I am trying to let a program run on my GPU and to start with an easy sample I modified the first sample on http://www.jocl.org/samples/samples.html and to run the following little script: I run n simultaneous "threads" (what's the correct name for the GPU equivalent of a thread?), each of which performs 20000000/n independent tanh()-computations. You can see my code here: http://pastebin.com/DY2pdJzL
The speed is by far not what I expected:
- for n=1 it takes 12.2 seconds
- for n=2 it takes 6.3 seconds
- for n=3 it takes 4.4 seconds
- for n=4 it takes 3.4 seconds
- for n=5 it takes 3.1 seconds
- for n=6 and beyond, it takes 2.7 seconds.

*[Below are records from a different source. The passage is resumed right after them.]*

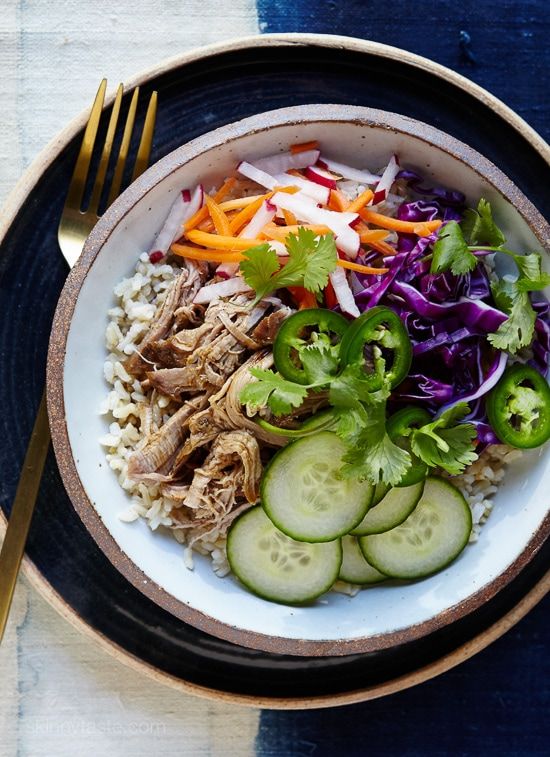 a white bowl filled with meat and veggies on top of a blue place mat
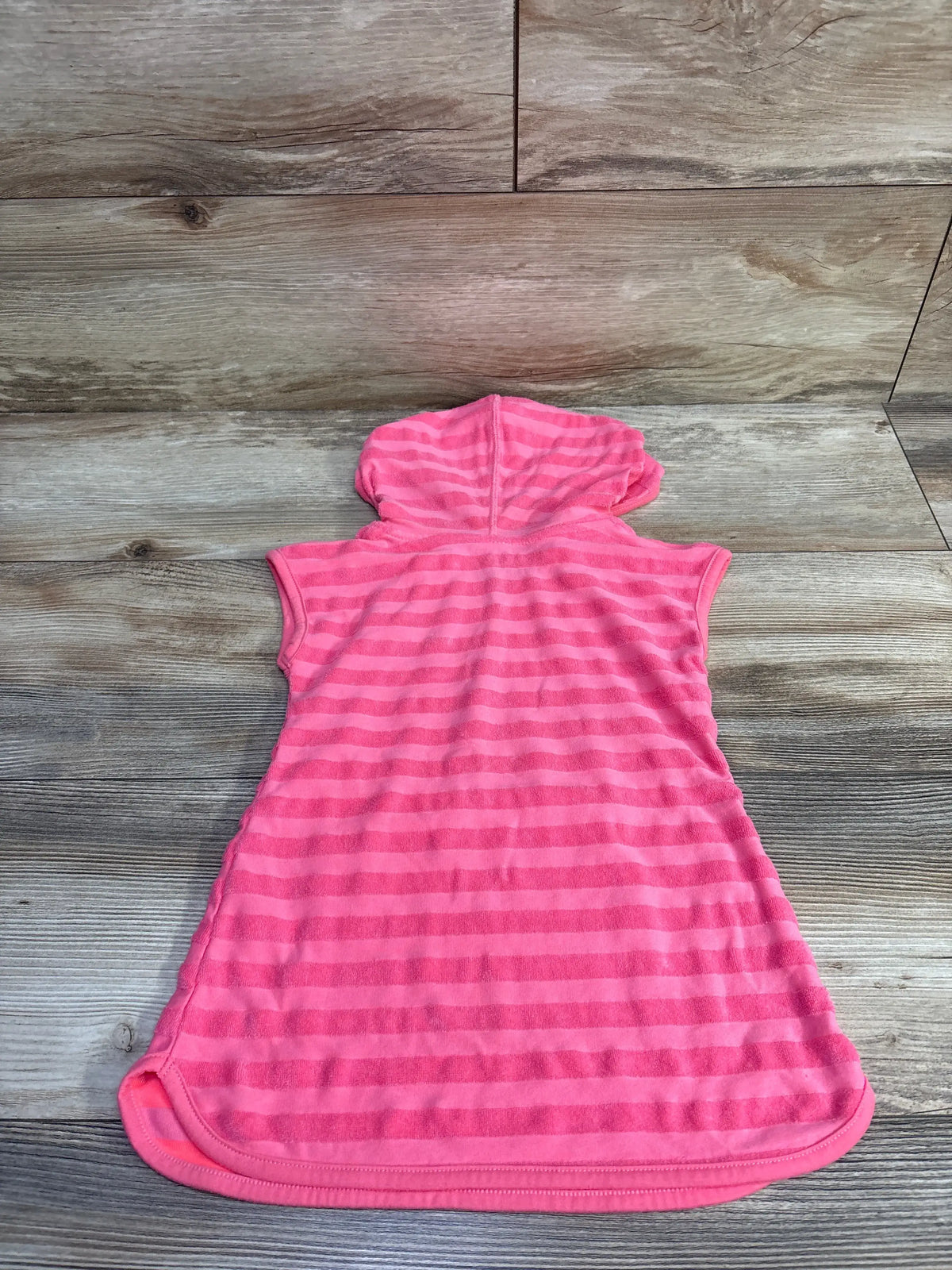 Back view of Cat and Jack terry cloth swim cover up size 2T showing hooded sleeveless pink striped design on wood floor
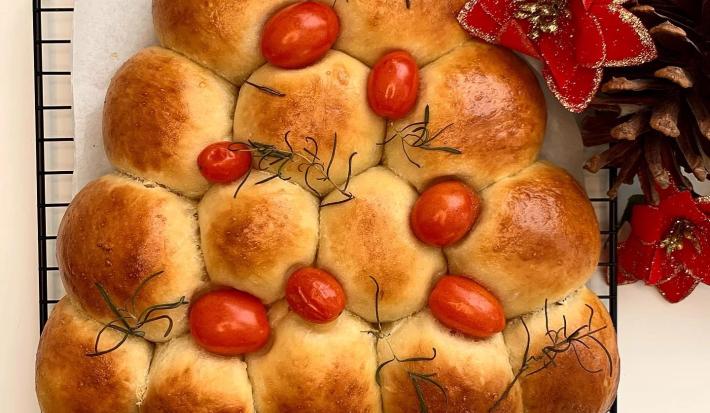 Foto da receita de Pão Caseiro Natalino. Observa-se um pão assado e dourado em formato de árvore, decorado com tomatinhos cereja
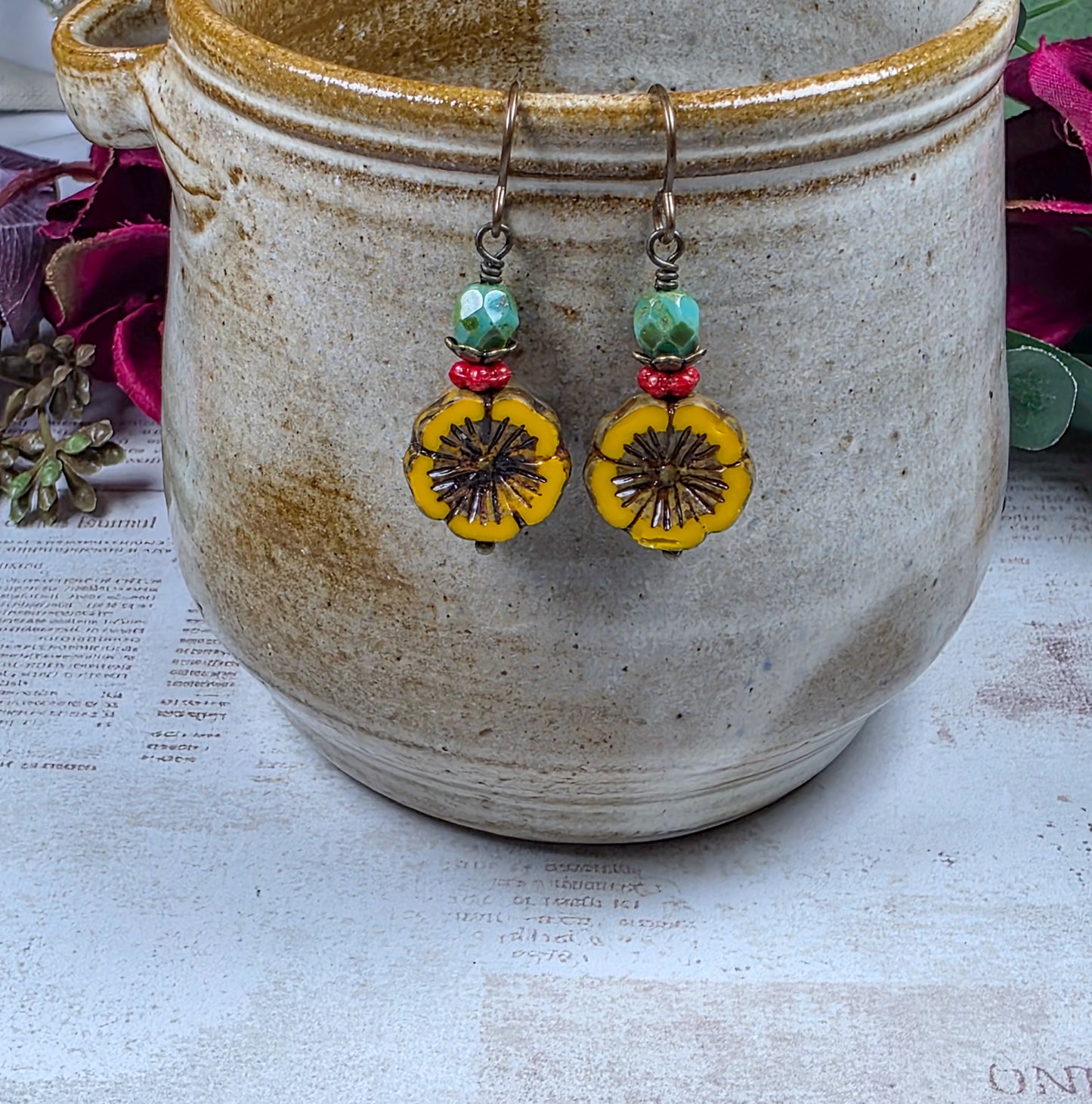 Mustard yellow Czech glass flower earrings with green and red beads and antiqued brass accents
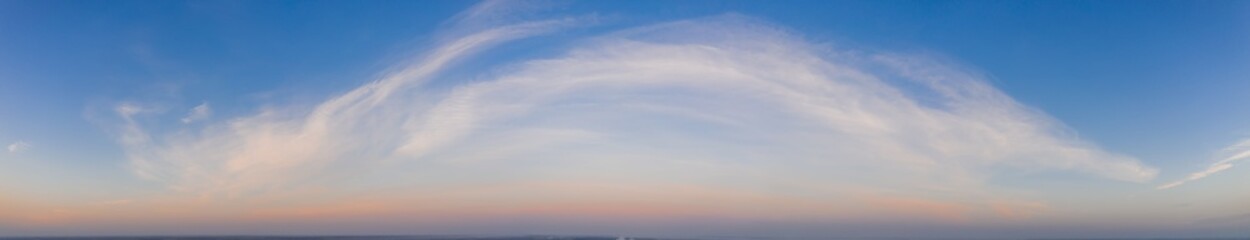 Obraz premium Colorful sky with cirrus clouds during dawn. High resolution panorama. View from above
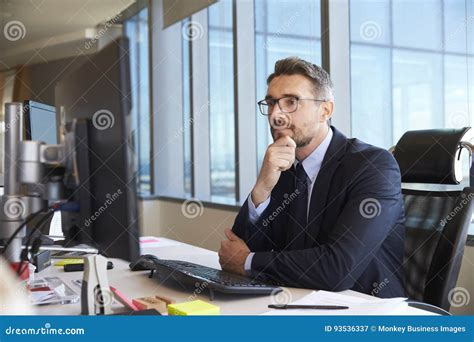 Businessman Sitting At Desk In Office Using Computer Stock Image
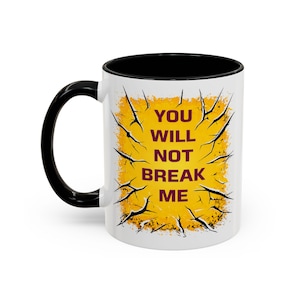 以下が含まれることがあります： 黒いハンドルと内側を備えた白いセラミックマグ。マグには、「YOU WILL NOT BREAK ME」というテキストが、黒いギザギザの線が入った黄色の背景に、栗色の文字で表示されています。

So after n=6 (be it n=8, n=20, n=100, n=1000 or n=100000), there is no performance increase, which means only 6 of these are computed in parallel. However, according to the specifications of my card there should be 80 cores: http://www.amd.com/us/products/desktop/graphics/ati-radeon-hd-5000/hd-5450-overview/pages/hd-5450-overview.aspx#2
It is not a matter of overhead, since increasing or decreasing the 20000000 only matters a linear factor in all the execution times.
I have installed the AMD APP SDK and drivers that support OpenCL: see http://dl.dropbox.com/u/3060536/prtscr.png and http://dl.dropbox.com/u/3060536/prtsrc2.png for details (or at least I conclude from these that OpenCL is running correctly).
So I'm a bit clueless now, where to search for answer. Why can JOCL only do 6 parallel executions on my ATI Radeon HD 5450?